At the time of his death, Larson himself was living in poverty. According to PBS, Larson had been waiting tables up until two months before the show’s debut, hoped to make enough money to purchase cable television, and, ten days before he died, had sold some of his books to purchase a movie ticket.

“It’s both tragic and ironic that Larson … never saw ticket holders enjoy his show,” Jonathan Wiederhorn wrote in Rolling Stone (via PBS). “Even more uncanny are the parallels between Larson’s life and his characters’ — many of whom cling to life knowing that it could end at any moment.”

tick, tick … BOOM! Returns 

Five years after Larson’s death, Boho Days, eventually renamed tick, tick … BOOM!, made its Off-Broadway debut after the reworkings of Auburn. Two years later, the show began a U.S. tour and has since been performed around the world.

A number of notable performers went on to play the role of Jon in tick, tick … BOOM!, including Neil Patrick Harris, Raúl Esparza, and Miranda himself in 2014. Aburn’s edits to the once one-man show included introducing two other main characters, Michael and Susan. The actors who play Michael and Susan also play all of the other characters in the show. Miranda’s film, however, features more actors playing different characters in addition to the main three.
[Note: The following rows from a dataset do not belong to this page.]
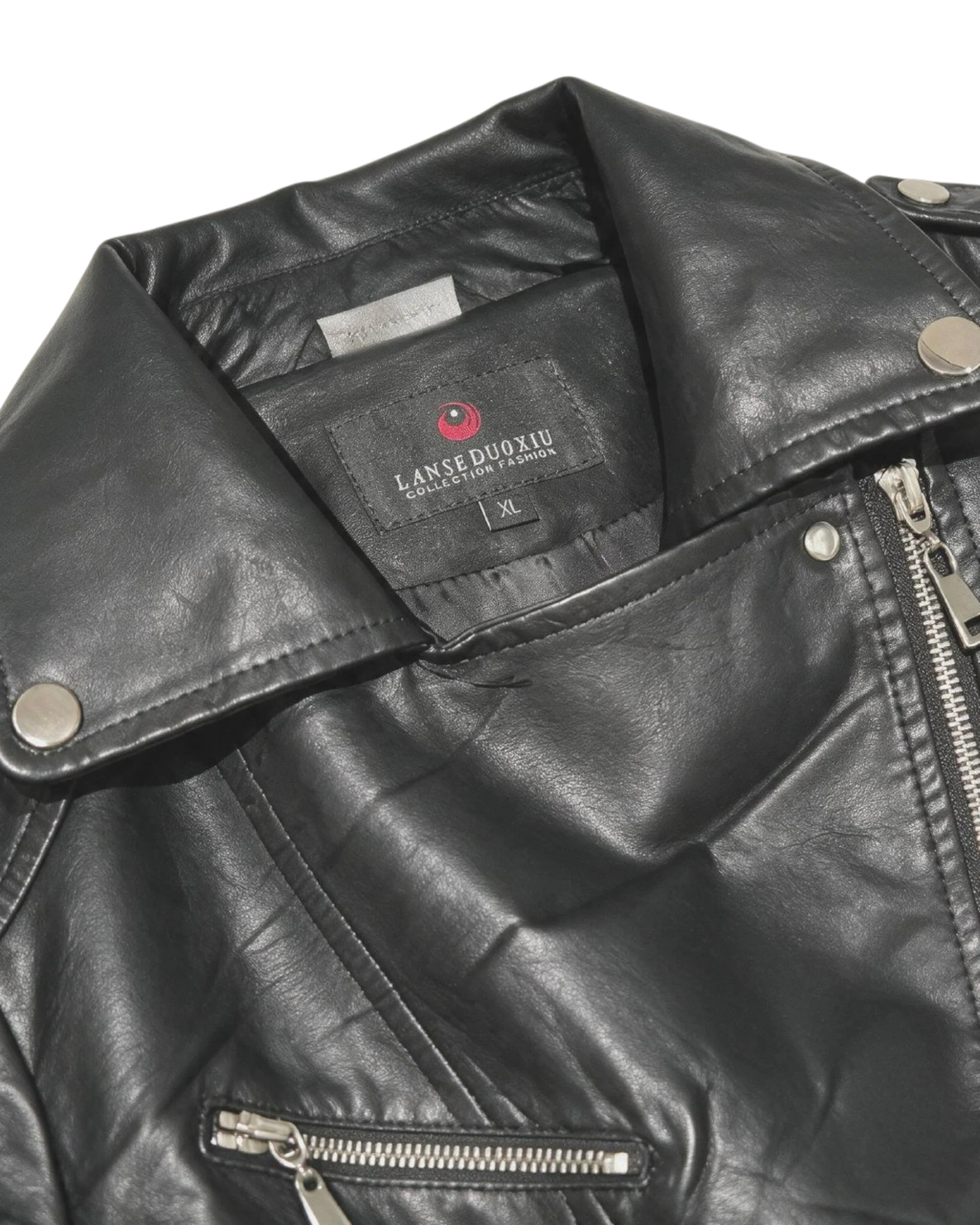 Saint Laurent Jacket Type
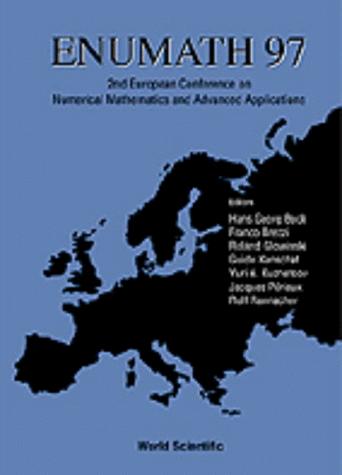 Cover for Enumath 97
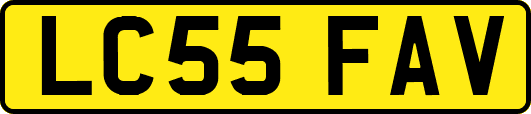 LC55FAV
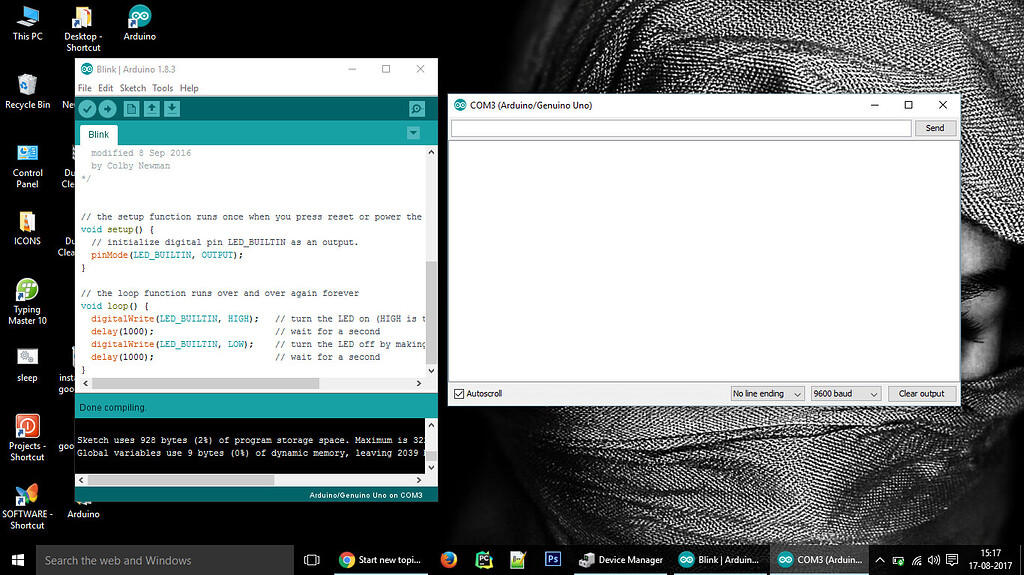 Serial monitor not working - IDE 1.x - Arduino Forum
Alexandra Shipp plays Susan, Robin de Jesús plays Michael, and Vanessa Hudgens plays a character named Karessa Johnson.

In an interview with NBC, Miranda said of making the film (via Playbill):

If they only ever let me make [one film], I want it to be Tick, Tick…BOOM! … I saw that show my senior year in college when I was a theatre major about to enter the real world, and it was like a sneak preview of what my 20s were going to look like. ‘Here’s how hard it is; here’s how joyous it is; here’s what you’re in for kid,’ said Jonathan Larson to me.
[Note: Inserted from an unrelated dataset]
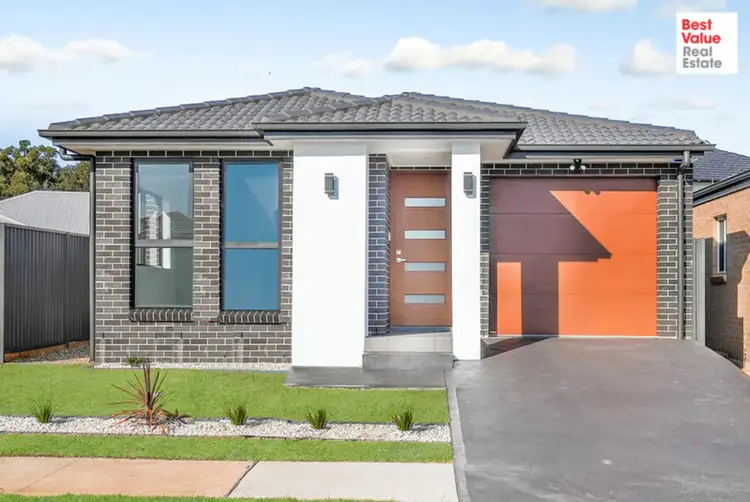 11 Retreat Street, Marsden Park NSW 2765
Of playing the character based on Larson, Garfield told the New York Times: 

It’s a strange thing when there’s someone like Jon that you didn’t have any relationship to before, and then suddenly now there’s this mysterious forever connection that I am never, ever going to let go. I just feel so lucky that Jon was revealed to me, because now I don’t remember who I was before I knew who Jon was.

tick, tick … BOOM! hits theaters on November 12, 2021, and will be available to stream on Netflix on November 19, 2021.